*** Opening of Record extracts ***

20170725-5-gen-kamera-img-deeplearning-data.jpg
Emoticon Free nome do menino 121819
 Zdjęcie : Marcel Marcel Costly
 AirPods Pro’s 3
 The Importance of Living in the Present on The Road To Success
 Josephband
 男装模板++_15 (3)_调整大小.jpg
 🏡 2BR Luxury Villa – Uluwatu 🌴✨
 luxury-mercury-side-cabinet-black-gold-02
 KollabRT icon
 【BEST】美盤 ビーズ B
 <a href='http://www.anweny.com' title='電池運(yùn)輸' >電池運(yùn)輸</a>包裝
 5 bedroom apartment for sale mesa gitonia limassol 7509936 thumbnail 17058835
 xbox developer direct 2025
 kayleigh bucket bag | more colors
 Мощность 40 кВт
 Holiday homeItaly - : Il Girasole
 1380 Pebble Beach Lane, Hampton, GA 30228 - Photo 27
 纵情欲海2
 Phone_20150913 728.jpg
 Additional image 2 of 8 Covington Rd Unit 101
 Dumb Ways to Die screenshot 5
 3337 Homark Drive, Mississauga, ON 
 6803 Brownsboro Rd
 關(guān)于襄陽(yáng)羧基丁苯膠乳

*** Close of Record extracts ***

Once you have read the entries above, copy them out exactly as they were given.

20170725-5-gen-kamera-img-deeplearning-data.jpg
Emoticon Free nome do menino 121819
 Zdjęcie : Marcel Marcel Costly
 AirPods Pro’s 3
 The Importance of Living in the Present on The Road To Success
 Josephband
 男装模板++_15 (3)_调整大小.jpg
 🏡 2BR Luxury Villa – Uluwatu 🌴✨
 luxury-mercury-side-cabinet-black-gold-02
 KollabRT icon
 【BEST】美盤 ビーズ B
 <a href='http://www.anweny.com' title='電池運(yùn)輸' >電池運(yùn)輸</a>包裝
 5 bedroom apartment for sale mesa gitonia limassol 7509936 thumbnail 17058835
 xbox developer direct 2025
 kayleigh bucket bag | more colors
 Мощность 40 кВт
 Holiday homeItaly - : Il Girasole
 1380 Pebble Beach Lane, Hampton, GA 30228 - Photo 27
 纵情欲海2
 Phone_20150913 728.jpg
 Additional image 2 of 8 Covington Rd Unit 101
 Dumb Ways to Die screenshot 5
 3337 Homark Drive, Mississauga, ON 
 6803 Brownsboro Rd
 關(guān)于襄陽(yáng)羧基丁苯膠乳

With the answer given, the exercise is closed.